TASK ITEM
Leave the pictures out and restate each entry below word for word.

Caption-style text data:

○ ○ ○ ○ ○ ○ ○

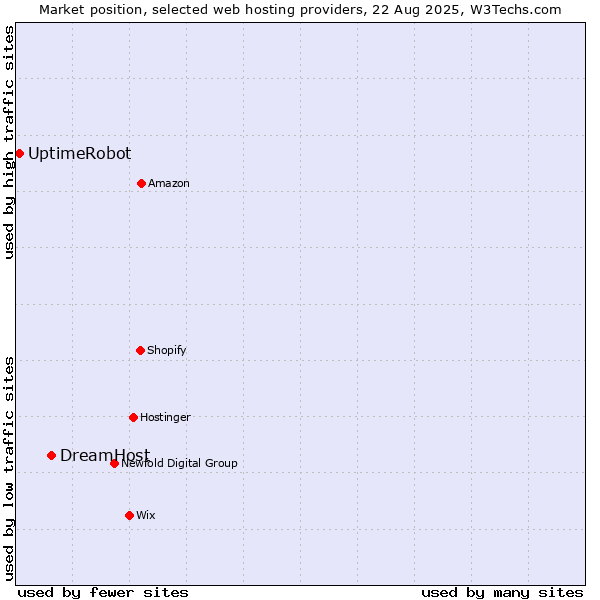 Market position of DreamHost vs. UptimeRobot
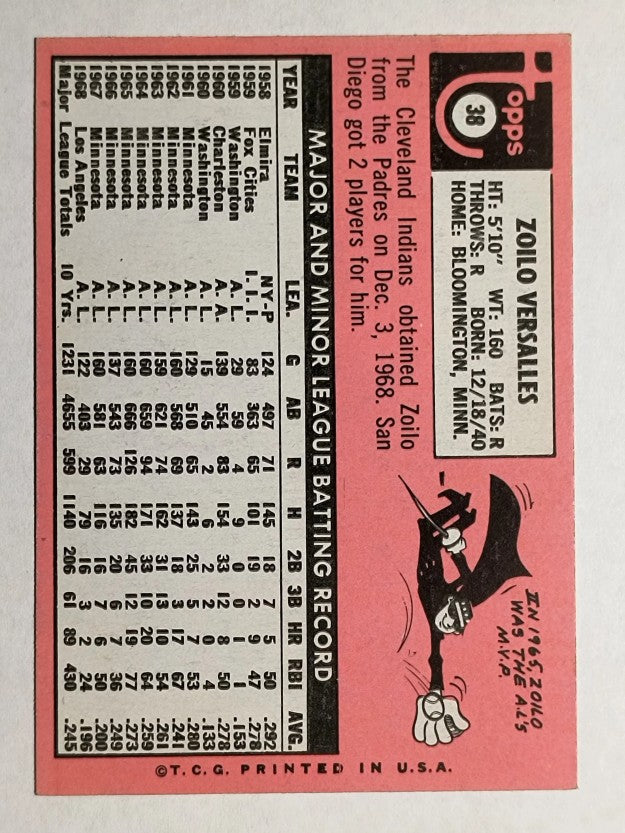 1969 Topps #38 Zoilo Versalles (NM)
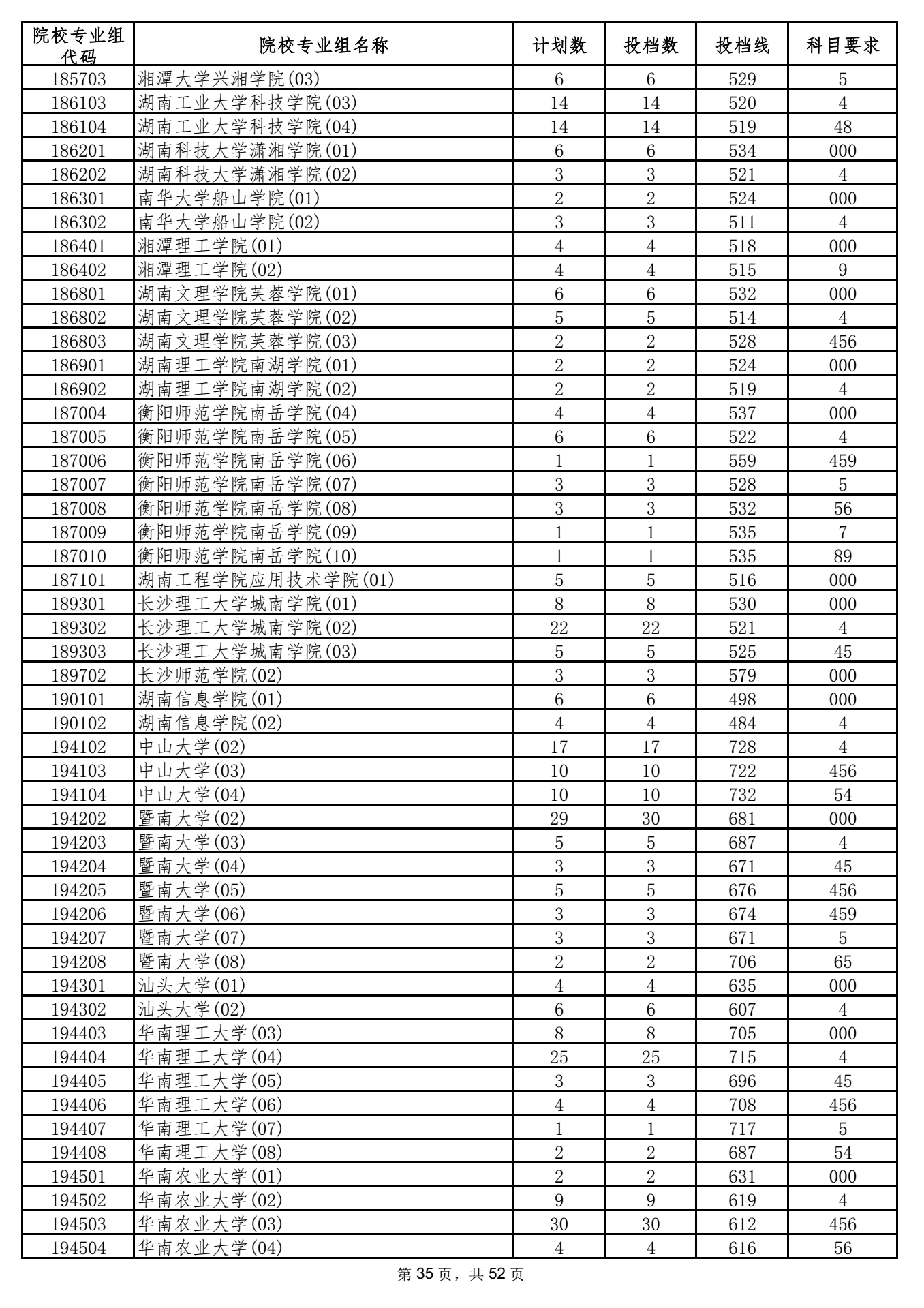 2021年海南本科投档分数线 2021年海南本科投档分数线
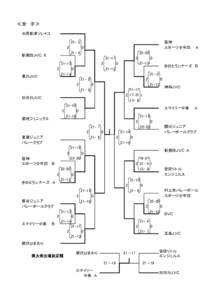 ≪女　子≫ 水原新津ソレイユ   笹神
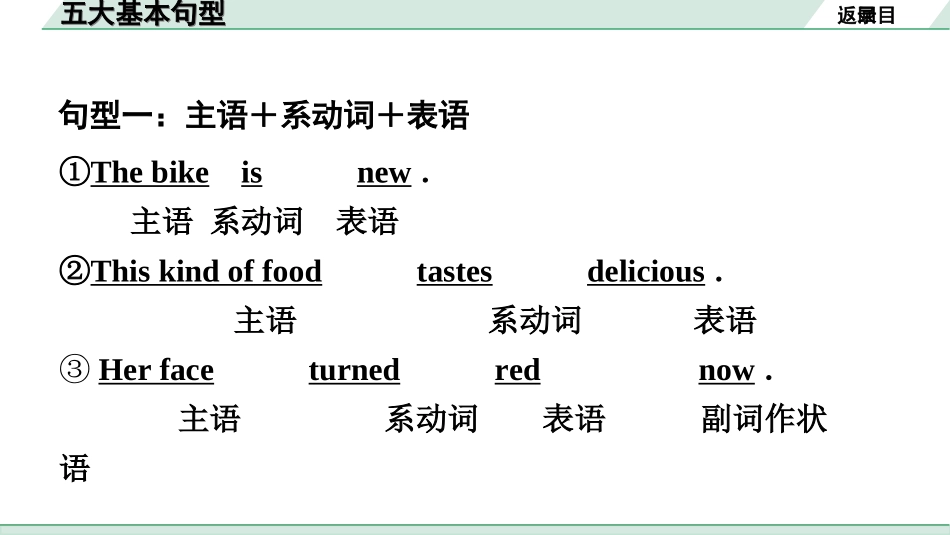 中考广东英语全书PPT_1.01. 第二部分 五大基本句型.ppt_第2页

○ ○ ○ ○ ○ ○ ○

TASK OUTPUT
 Market position of DreamHost vs. UptimeRobot
 1969 Topps #38 Zoilo Versalles (NM)
 2021年海南本科投档分数线 2021年海南本科投档分数线
 ≪女　子≫ 水原新津ソレイユ   笹神
 中考广东英语全书PPT_1.01. 第二部分 五大基本句型.ppt_第2页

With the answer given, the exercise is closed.